Hmm...I thought that ESC looked familiar. It's Castle. Probably a Sidewinder. Looking at the specs on
AXIAL's page for that ESC, the motor limit is 19T. So 45T is way off. Add a 3S battery, and I'm not too surprised the ESC went *poof*. Honestly tho, I don't know if 19T is the max or min limit. Lessee....lower T = higher KV = higher RPM/volt. Higher T = lower KV = lower RPM/volt. So a 45T motor would be a crawler motor. And the AE2 is used in the SCX10 etc....so I would
think it would have been ok, but maybe the design of the motor, plus the 30* advanced timing, was just too much for the AE2. Castle designs to pretty close margins, IMO, and I think the 45T is just too far outside the ESC's 108Amps Peak, or the motor caused some kind of back-voltage or ripple that killed the ESC. Not knowing the motor's specs, I'm guessing.

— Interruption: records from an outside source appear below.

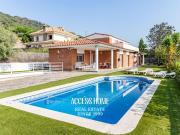 Magnífica casa con piscina y jardín en el corazón de...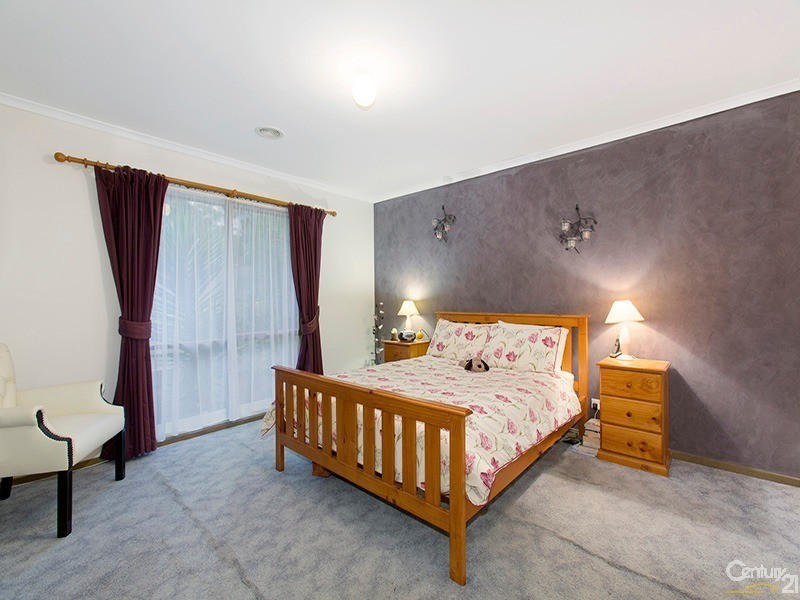 4 Wimmera Court, Berwick VIC 3806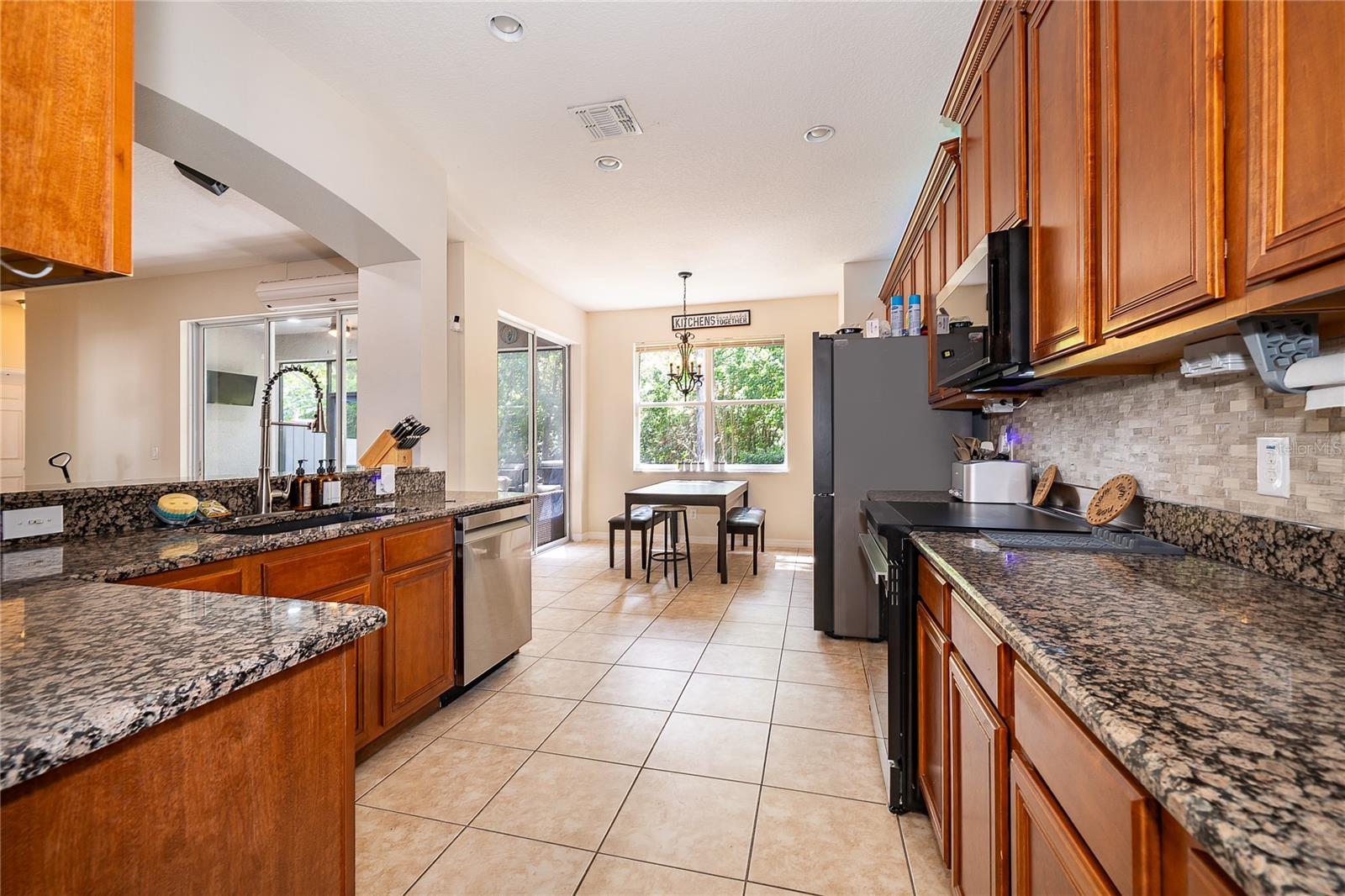 TIVOLI WOODS VILLAGE C 51 84 - Residential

I doubt you did anything to the motor if it had been running ok,
then you noticed the end bell was loose. You should have heard a scraping sound as the rotor started chewing into the windings on the inside of the can. Unless you didn't recognize that sound. In which case, you mighta killed it. If you can take it out of the car and spin the rotor with your fingers and it feels free and smooth (except for the magnet drag of course), then it's probably ok. But putting an un-known motor into a system is really not wise, unless you really know what you're doing.
Looks like you're gonna be in the market for a new motor/ESC combo. Stick with the stock Axial replacement for now.